Stratiformer: Depth-Aware Heterogeneous Layer Design for Efficient Language Models

<aside> ✨

Abstract

Modern large language models stack identical transformer blocks at every depth, despite growing evidence that shallow and deep layers serve distinct computational roles. We ask a simple question: should every layer have the same architecture? Starting from a dense transformer baseline, we study two per-layer modifications: (1) Mixture-of-Experts (MoE), which adds capacity without increasing per-token computation, and (2) Cross-Layer Weight Sharing (CLWS), which reduces stored parameters while preserving the same forward pass. Through systematic placement sweeps at 286M and 1.68B parameters, we find that MoE yields the largest gains at later layers, while weight sharing causes the least degradation at earlier layers. These complementary findings motivate Stratiformer, a heterogeneous architecture that allocates MoE to late layers and weight sharing to early layers. In controlled experiments, Stratiformer matches the dense baseline in both active parameters and FLOPs per token, while achieving lower validation bits-per-byte and higher downstream task accuracy.

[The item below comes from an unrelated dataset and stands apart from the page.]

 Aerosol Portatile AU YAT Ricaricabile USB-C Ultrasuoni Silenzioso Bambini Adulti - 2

📝 This is a research preview. Additional results will be released soon in Pre-print.

https://github.com/Tim-Siu/nanochat/tree/dev-hetero

🌐 This page is also available at https://www.notion.so/Stratiformer-30c622b08b6780eb9976cc8453d55fa0

</aside>

1. Introduction

The dominant recipe for building large language models is remarkably uniform: stack $L$ identical transformer blocks [1], each consisting of a self-attention sublayer followed by a feed-forward network (FFN). Recent frontier models such as Qwen3 [2] and DeepSeek-V3 [3] follow this template, varying primarily in whether the FFN is dense or a Mixture-of-Experts (MoE).

Yet a growing body of evidence suggests that not all layers play the same role. Mechanistic interpretability studies find that early layers tend to build contextual representations and retrieve stored knowledge, while later layers perform the composition and refinement that most directly shape predictions [4, 5]. Representation similarity analyses confirm that adjacent late layers are more redundant than adjacent early layers [6]. If layers differ in function, it stands to reason they might also differ in optimal capacity.

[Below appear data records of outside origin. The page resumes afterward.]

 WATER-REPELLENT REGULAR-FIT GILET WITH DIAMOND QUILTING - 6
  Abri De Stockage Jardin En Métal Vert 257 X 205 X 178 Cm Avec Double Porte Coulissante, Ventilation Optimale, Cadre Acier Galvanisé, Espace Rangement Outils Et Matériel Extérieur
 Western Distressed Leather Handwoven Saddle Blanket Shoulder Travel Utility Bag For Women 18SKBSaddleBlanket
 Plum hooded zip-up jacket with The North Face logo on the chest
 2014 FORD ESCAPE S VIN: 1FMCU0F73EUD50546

We investigate this idea through two complementary interventions applied at varying depths:

Mixture-of-Experts (MoE) layers replace the dense FFN with a routed expert mixture, increasing total stored parameters while keeping per-token active parameters and FLOPs constant.
Cross-Layer Weight Sharing (CLWS) ties the FFN weights of consecutive layers, reducing unique stored parameters while preserving per-token computation.

MoE adds capacity; weight sharing removes it. By sweeping the position of each intervention across the full model depth, we can map where extra capacity helps most and where reduced capacity hurts least.

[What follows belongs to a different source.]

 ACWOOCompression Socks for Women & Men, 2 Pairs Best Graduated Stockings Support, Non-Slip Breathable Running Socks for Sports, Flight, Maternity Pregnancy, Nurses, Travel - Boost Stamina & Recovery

Our experiments at two model scales (286M and 1.68B parameters) reveal a consistent pattern:

MoE is most beneficial at later layers, where the model refines predictions and benefits from routing diversity.
Weight sharing is least harmful at earlier layers, where adjacent layers already perform similar, more generic computation.

Figure 1: Overview of the Stratiformer architecture. Left: a standard dense transformer stacks $L$ identical blocks. Right: Stratiformer stratifies the network by depth — early layers share FFN weights (CLWS, blue), middle layers remain dense (gray), and late layers use Mixture-of-Experts (MoE, red). Active parameters and FLOPs per token are identical to the dense baseline.

Guided by these findings, we propose Stratiformer — a stratified transformer that pairs MoE at late layers with weight sharing at early layers (Figure 1). The extra parameters introduced by MoE are offset by the savings from weight sharing, so Stratiformer matches the dense baseline in active parameters, FLOPs per token, and approximate total parameter count, while achieving better validation loss and downstream accuracy.

2. Methodology

2.1 Dense Transformer Baseline

Our baseline is a decoder-only transformer [1] following the NanoChat recipe [24], which incorporates several modern design choices:

Attention. Grouped-query attention (GQA) [7] with rotary position embeddings (RoPE) [8] at base frequency 10,000. A tiled sliding-window pattern assigns local windows of 1,024 tokens or full-context windows of 2,048 tokens to alternating layers, following the “SSSL” pattern (the final layer always uses full context) [9].
FFN. A gated FFN with intermediate dimension $4 \times d_\text{model}$, using the squared ReLU activation ($\text{ReLU}(x)^2$) [10]. No bias terms.
Normalization. Pre-norm RMSNorm [11] before both the attention and FFN sublayers.
Output. Logit soft-capping at 15 ($15 \cdot \tanh(z/15)$) [12].